À l’appui de leur démonstration, ils ont étudié la cartographie électorale de l’élection présidentielle. « La différence entre régions de tradition catholique et régions déchristianisées depuis longtemps se maintient de manière presque imperturbable » constatent-ils, bien que le déclin de la pratique religieuse ait entre-temps considérablement redistribué les cartes politiques.
Depuis 1974, les régions catholiques ont basculé vers la gauche
Jusqu’en 1974, la carte du clivage gauche-droite se superposait grosso modo à celle de la pratique religieuse. Depuis, les régions catholiques, plutôt à droite, ont basculé vers la gauche à mesure que leur engagement religieux faiblissait, alors qu’à l’inverse des régions déchristianisées depuis longtemps glissaient vers la droite.
La comparaison du vote en faveur de François Mitterrand en 1981 et de François Hollande en 2012 illustre ce glissement progressif. A priori, la proximité de leur score au second tour de l’élection présidentielle – 51,8 % contre 51,6 % – pourrait laisser penser à une stabilité du rapport gauche-droite.

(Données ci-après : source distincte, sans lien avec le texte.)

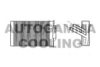 AUTOGAMMA 101971 Heat Exchanger, interior heating
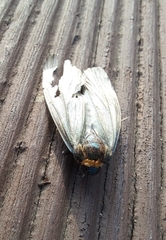 Macrobrochis staudingeri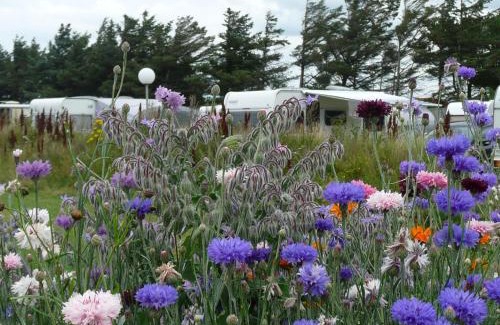 Lonstrup Other | Lønstrup Camping Cottages & Rooms
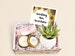 Sending You Sunshine Succulent Gift Box - Live Succulent Gift - Friendship Gift - Thinking of You Gift - Send a Gift - Care Package (XBM2)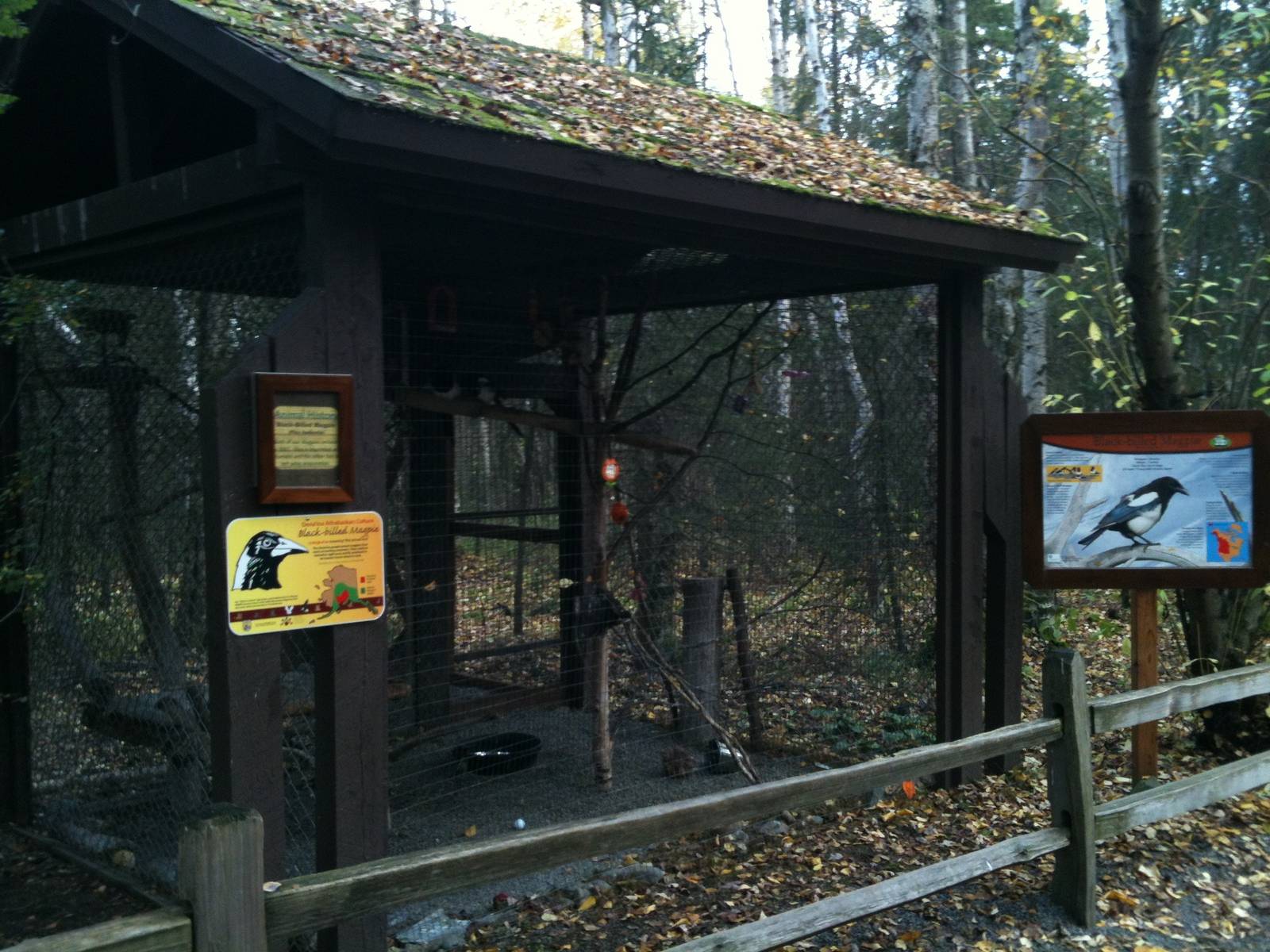 Black-billed Magpie Exhibit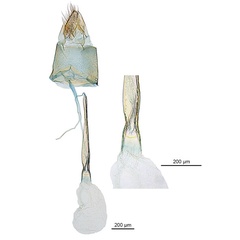 /filer/webapps/moths_gc/media/images/P/pandoxa_Cuphodes_HT_GF_ANIC.jpg
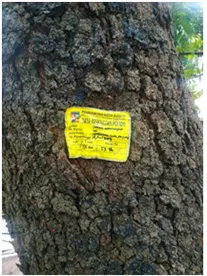 Tagging Warna Kuning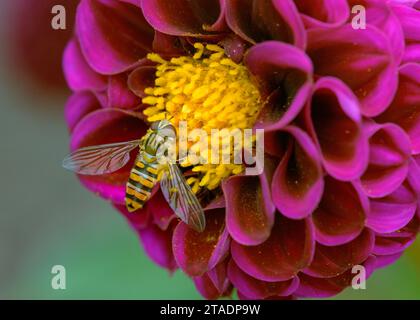 Gros plan d'un hoverfly (mouche syrphide) assis sur une fleur de dahlia de couleur magenta tout en buvant du nectar. Banque D'Images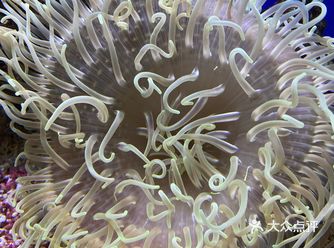 像小学生一样逛自然博物馆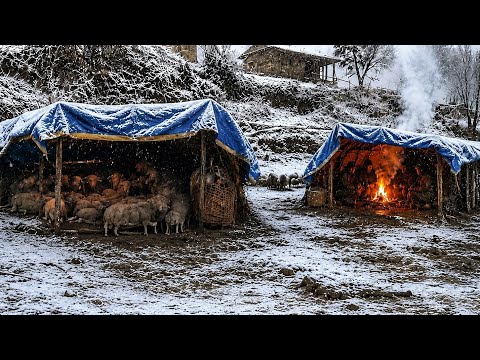 Surviving Shepherd Life in One Of The Coldest Regions Of Nepal |A Snowy Freezing  Village intr All$.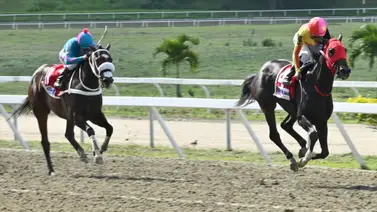 El ajuste de esta potra quedó listo para retar a la principal favorita para el Clásico Prensa Hípica Nacional (G1) El ajuste de esta potra quedó listo para retar a la principal favorita para el Clásico Prensa Hípica Nacional (G1)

Or, elle cache en fait des différences très marquées entre régions. L’écart entre les scores obtenus par les deux candidats socialistes peut atteindre jusqu’à 10 points. Globalement, François Hollande a gagné des voix dans les anciennes régions catholiques du grand Ouest et du Massif central alors qu’il enregistrait des scores en recul dans le Bassin parisien, où la pratique religieuse a résisté, et dans le littoral méditerranéen et la vallée de la Garonne, déchristianisés depuis longtemps.
Les régions où ce phénomène ne se vérifie pas sont celles où le FN a fortement progressé, jouant ainsi les trouble-fête. Dans le Nord Pas-de-Calais, la Somme, l’Alsace et la Lorraine, la baisse de la pratique religieuse s’est soldée non pas par un gain pour le candidat socialiste, mais par une percée du FN dans les milieux populaires traditionnellement acquis à la gauche.

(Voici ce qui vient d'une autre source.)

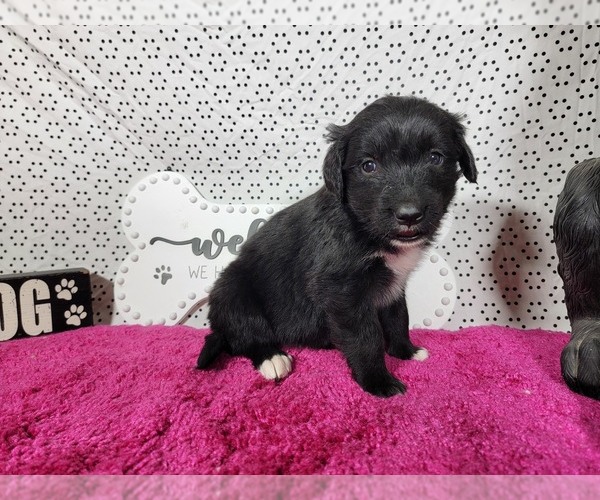 Medium Photo #2 Golden Mountain Dog Puppy For Sale in BLACK FOREST, CO, USA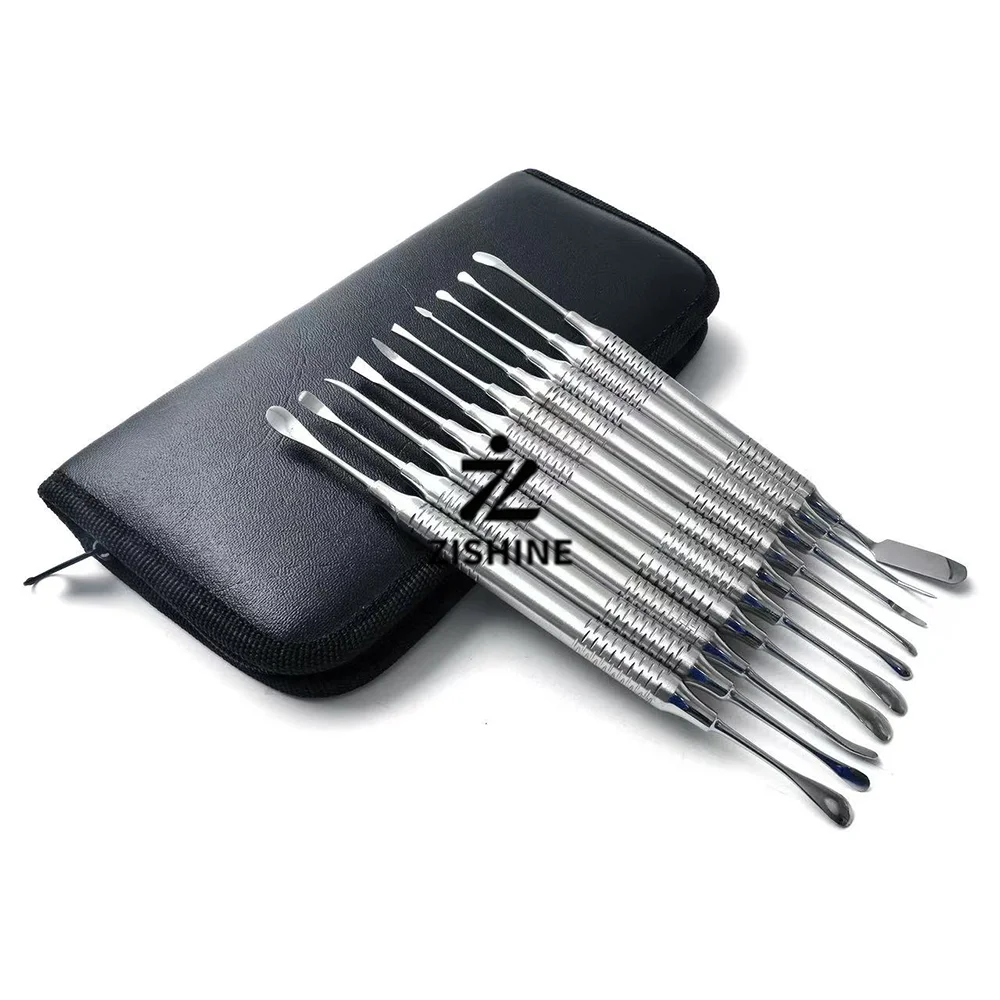 10Pcs/Set Dental Periosteal Elevators Stainless Steel Double Ended Flap Elevator Implant Oral Surgery Tools with Zipper Case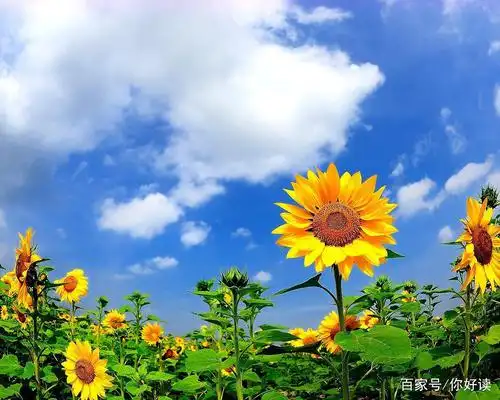 早安心语,唯美阳光,让人心情舒畅!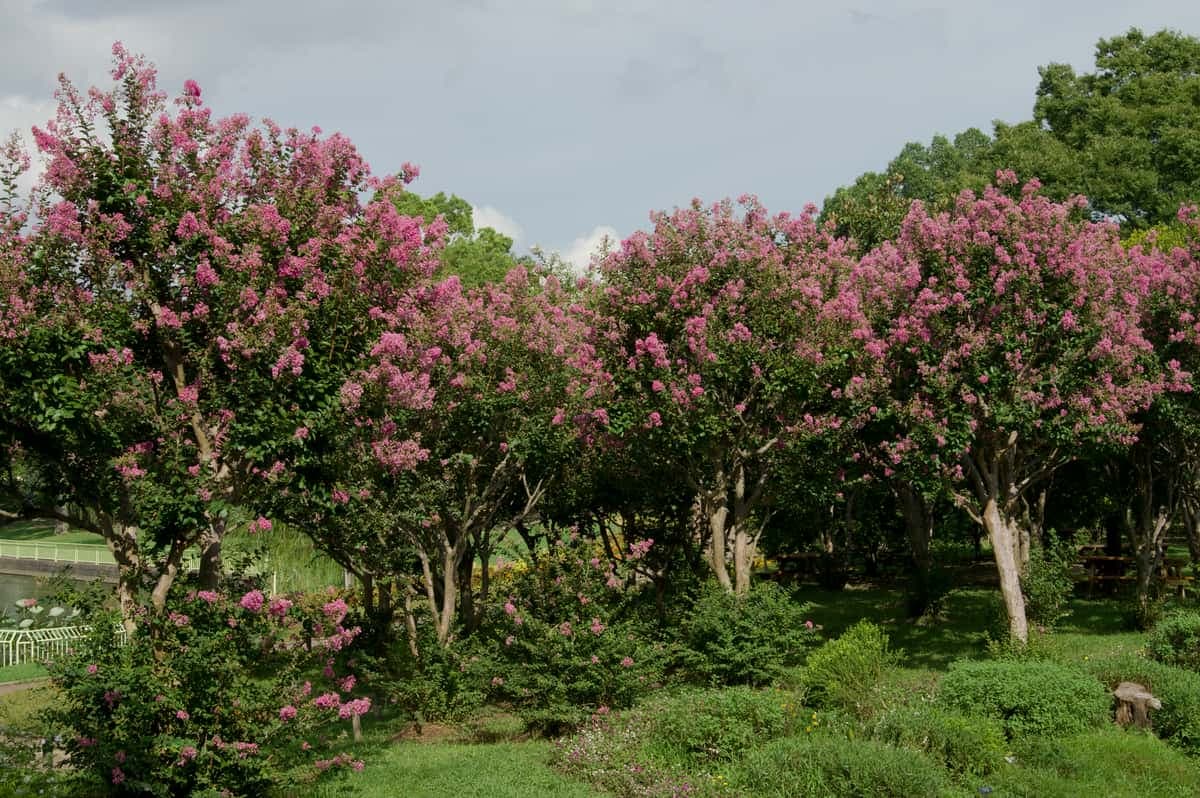 Crape myrtle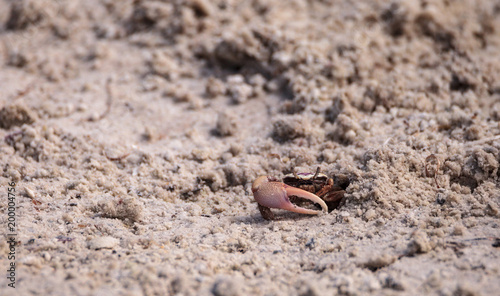 Canvas Print Fiddler crab Uca panacea comes out of its burrow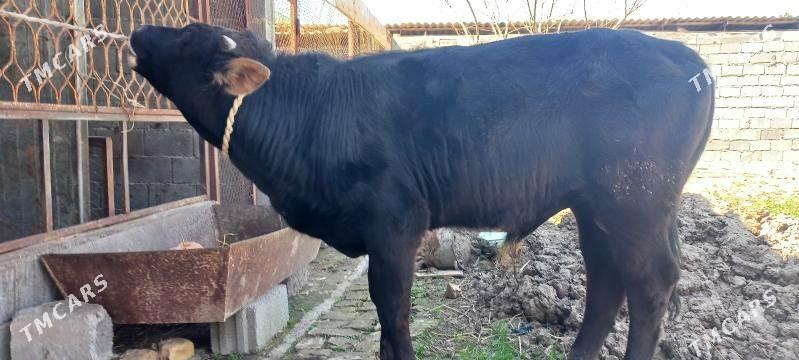 окуз - Ялкым - img 1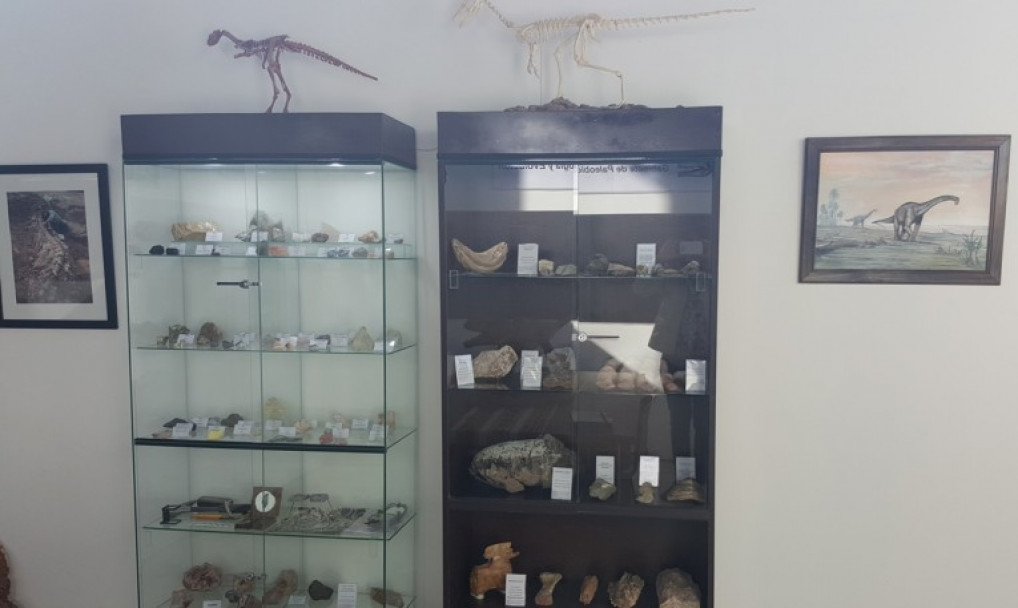 imagen Se inauguró el "Gabinete de Paleobiología y evolución"
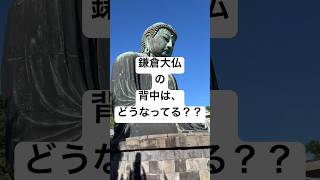 鎌倉大仏の背中はどうなってる？？ #鎌倉 #鎌倉観光 #鎌倉大仏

Les facteurs socio-économiques ont pris le dessus
Seules deux zones géographiques échappent à l’une ou l’autre de ces explications : la région Rhône-Alpes et la vallée moyenne de la Garonne. L’effacement de la pratique religieuse y a fait surgir d’autres lignes de force, comme les facteurs socio-économiques qui ont pris le dessus. Mais les auteurs de l’étude démontrent que « l’effacement de la religion ne doit pas être confondu avec celui de la tradition catholique ».
Ainsi le vote pour François Bayrou épouse quasi exactement le contour des régions où la pratique religieuse était autrefois très marquée. « Bien que les églises restent désertes le dimanche, les populations des régions de tradition catholique continuent de se comporter différemment de celles des régions déchristianisées de longue date, parce que le catholicisme a modelé nombre de leurs attitudes et de leurs réactions », explique l’étude.
Plus modérés, proeuropéens, ces électeurs se retrouvent davantage dans le discours du MoDem mais aussi dans celui du PS, alors que le discours de Nicolas Sarkozy qui s’est durci sur la sécurité ou l’immigration fait, selon l’étude, moins d’adeptes.